# I've been thinking about why...



## DurocShark (Sep 29, 2009)

Kits are made the way they are, while thinking about kitless designs. 

Most kits have metal at each end of each barrel. Part of the reason is to make the building of the kit easy. You only have to turn the barrels between the bushings and voila you have a pen. 

But I was checking out some pens at Pelican, and found many of those have metal at the ends too. Hmmm... So I picked up a scrap of my resin and tossed it onto my concrete floor. On the edges I got some small chips. I would think that damage would be magnified on a thin cap or other barrel.

Could the metal at the ends be there to help protect the pen from damage when treated poorly? Would a more durable kitless pen result from using metal in more places than appears to be common? 

I'm just letting my mind wander here and would appreciate the thoughts of more experienced penmakers.


----------



## hebertjo (Sep 29, 2009)

I build radio control planes and one of the saying common in those circles is " Build it to fly, not to crash." I would think the same can be said for pens. If we built them so that they could withstand dropping on a concrete floors then some styles would never be built. That said they need to be strong enough to last a lifetime of normal use.

My 2 cents,


----------



## cnirenberg (Sep 29, 2009)

Don,
I'm in no way an experienced pen-maker, but I have broke a bunch of pens.  I had finished up a clip-less pen and my daughter had set it down after looking at it.  Of course it rolled off of the counter top and bounced into a few (10) pieces after touching down on the tile.  I have dropped a clicker a few times and the resin body has not cracked or chipped yet.  Go figure.
I would think it is a function of how it is dropped, on what it is dropped on and what part of the pen it lands on, as well as the weight of the pen.  I'm no fan of the kit style pens, but putting a brass/aluminum tip on them would introduce a balance issue to deal with prior to dropping it (assuming one were to copy a Gent style pen).  Good question, I'm bookmarking this one.


----------



## cnirenberg (Sep 29, 2009)

Just thought of this, I have a Waterman FP, it is failry inexpensive, but the only metal it has is the nib and clip.  The finial on the cap is black plastic and so is the body.  I try not to drop this one though.


----------



## BRobbins629 (Sep 29, 2009)

IMO, pens should be designed for aesthetics and ergonomics of writing, not their ability to withstand drops.  Certainly the look, weight and placement of metal or lack of it can contribute to these attributes.  There are many beautiful and balanced pens with and with out metal.


----------



## DCBluesman (Sep 29, 2009)

Kit pens are a long way from being in the minority in having metal findings at each end.

Conway Stewart

David Oscarson

Dunhill

Grayson Tighe

I think the metal "trim" (for those who object to the term findings) is more a matter of taste in design. For me, eliminating metal does not equate to making a pen more attractive.

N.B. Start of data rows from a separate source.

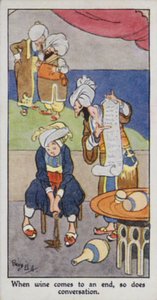 Doğu Atasözü: Şarap bitince sohbet de biter. by René Bull
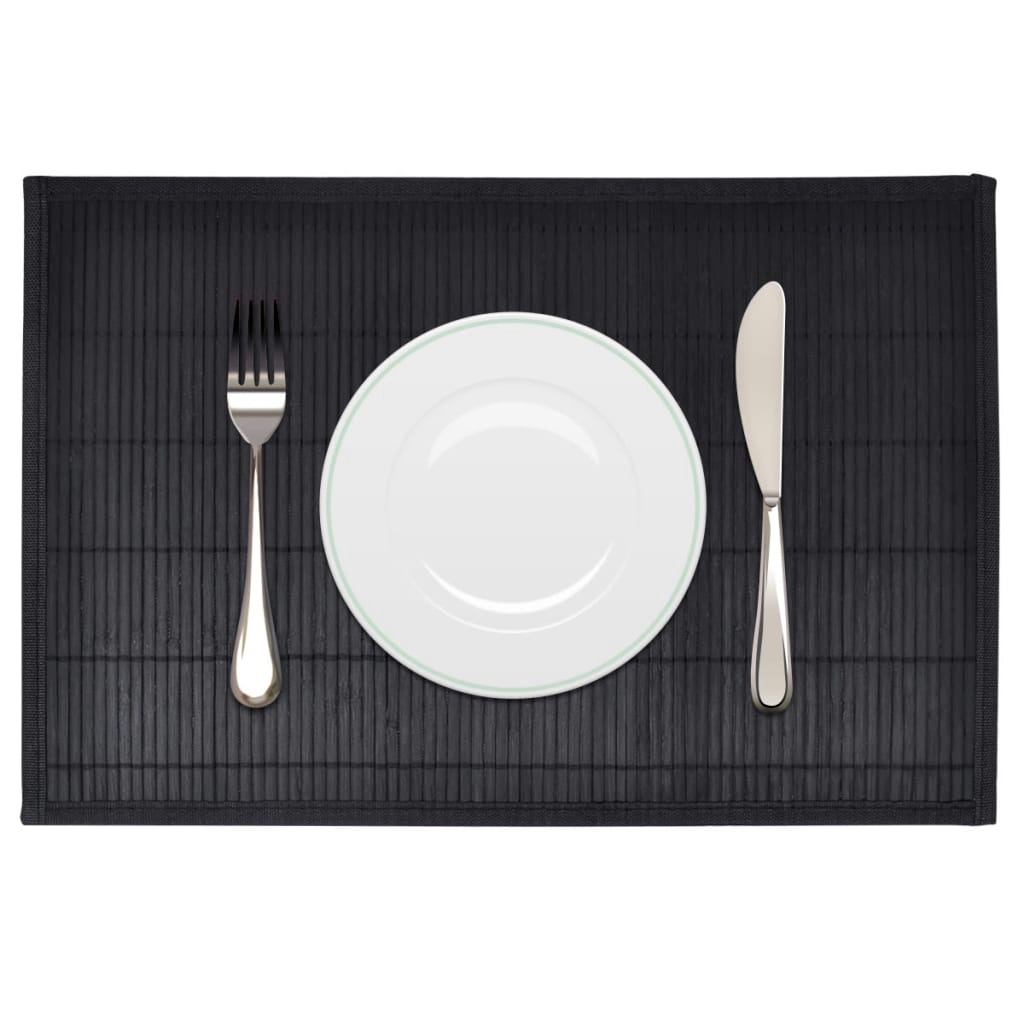 Sets de table rectangulaires 6 pièces couleur noire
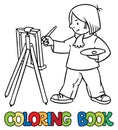 Funny artist or painter. Coloring book Royalty Free Stock Photo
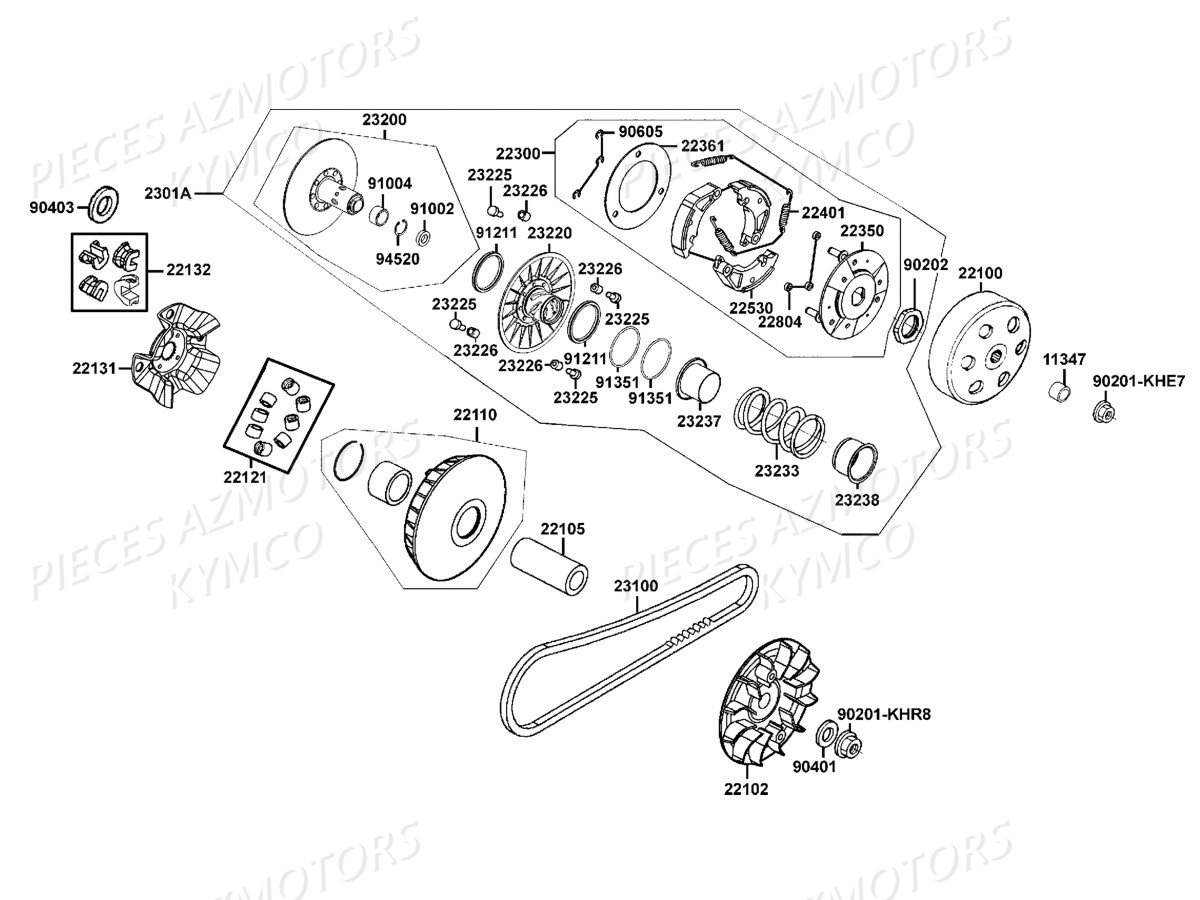 Variateur Embrayage KYMCO Pieces DOWNTOWN 350I ABS EURO 3 (SK64CB)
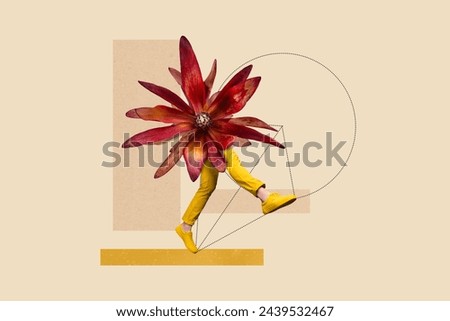 Creative collage picture human legs step go headless body flower plant blossom springtime holiday fresh yellow outfit drawing background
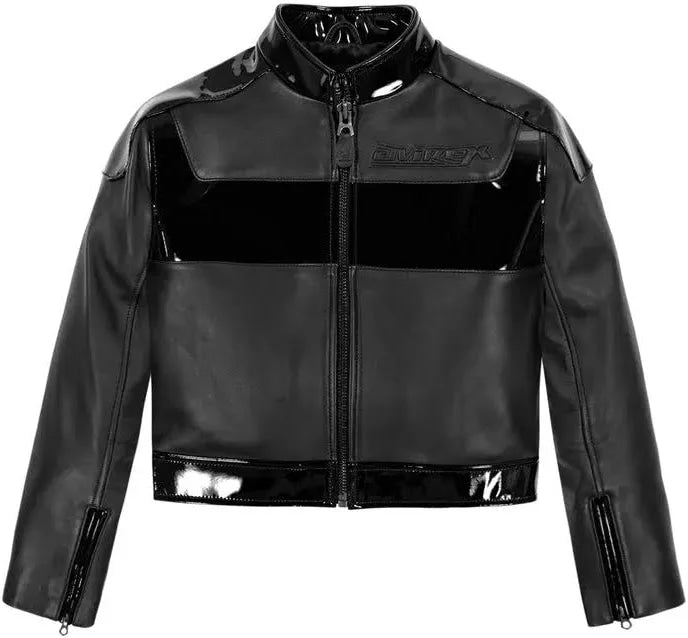 Avirex Cropped Women’s Patent Leather Jacket Icon Limited Jet Black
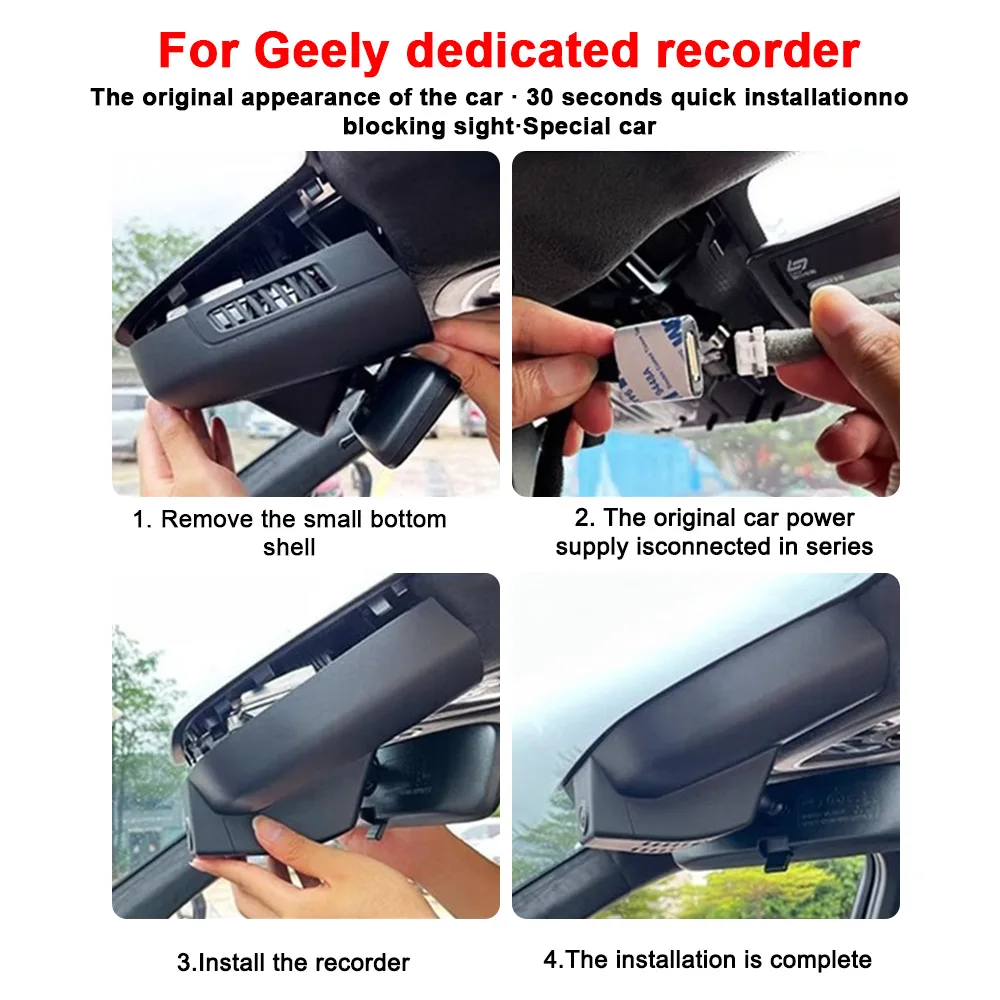 4K 2160P Plug and Play Wifi Dash cam For Geely Boyue L dla Atlas pro dla Galaxy l7 car dash cam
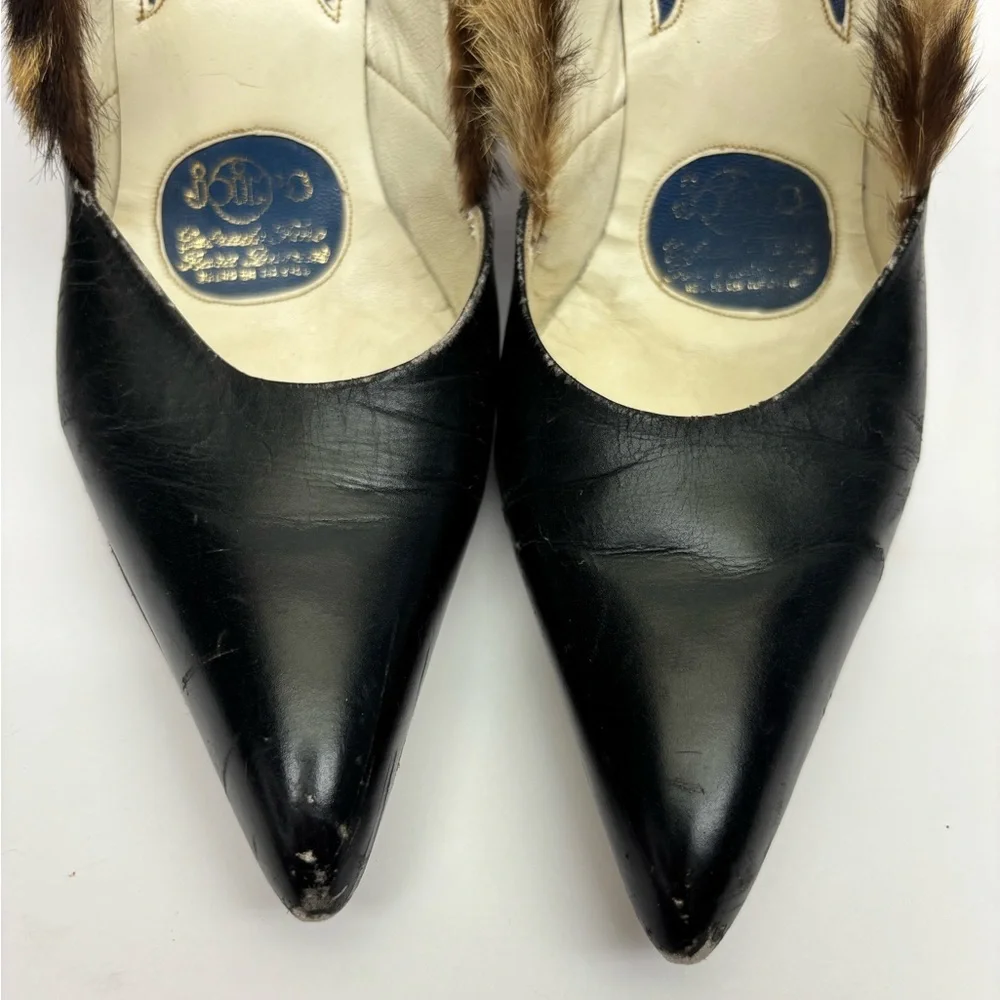 Black Leather Pumps with Leopard Fur Trim, SZ 8, box 29 - Picture 7 of 12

In terms of durability, with a reasonable amount of care, a pen should last a long time. Accidents, carelessness and abuse will reduce the useful life considerably.


----------



## DennisM (Sep 29, 2009)

Umm WOW! Not to hijack a thread, but OMG, what makes those pens worth 450-800 bucks? I have seen IMO much better looking pens here, and I would assume they also write nearly if not better as well.

But hey, if you can get it get... *wish i could!




DCBluesman said:


> Kit pens are a long way from being in the minority in having metal findings at each end.
> 
> Conway Stewart
> 
> ...


----------



## cnirenberg (Sep 29, 2009)

DCBluesman said:


> In terms of durability, with a reasonable amount of care, a pen should last a long time. Accidents, carelessness and abuse will reduce the useful life considerably.



Now those are my kids you are referring to.....


----------



## DurocShark (Sep 29, 2009)

Well, one of my Zen customers is VERY happy it has the metal ends. He hangs it by the clip (on the magnetic cap) from his shirt. If he bumps it too hard the pen goes flying, leaving the cap on his shirt. It's held up admirably with just scratches.


----------



## Dan_F (Oct 7, 2009)

Some of those factory pens may also have just a thin metal shell over plastic for caps and finials (just a guess on my part). My biggest complaint about kit pens is that they are too heavy, even the Churchill and El Grande. I used to like heavy pens, but have gradually changed my opinion of them, after using some vintage, and full sized kitless pens. I find heavy pens tiring to write more than a brief note with. 

Dan


----------



## RAdams (Oct 19, 2009)

"I'm terribly sorry to hear that. It dropped how far? What were you doing leaning over the oil change pit? Yeah I bet it IS broke. Did you find all of the pieces? OOOH, I wouldn't have stuck my hand in that either. It's ok. I may not be able to fix that pen, but i made it, so i can reproduce it for $....."

That's the conversation i am dreading. I am new to closed end with only three so far, so i am still dumbfounded by it, but i do indeed build my pens like a drift race car. It's all about the looks and the handling!


----------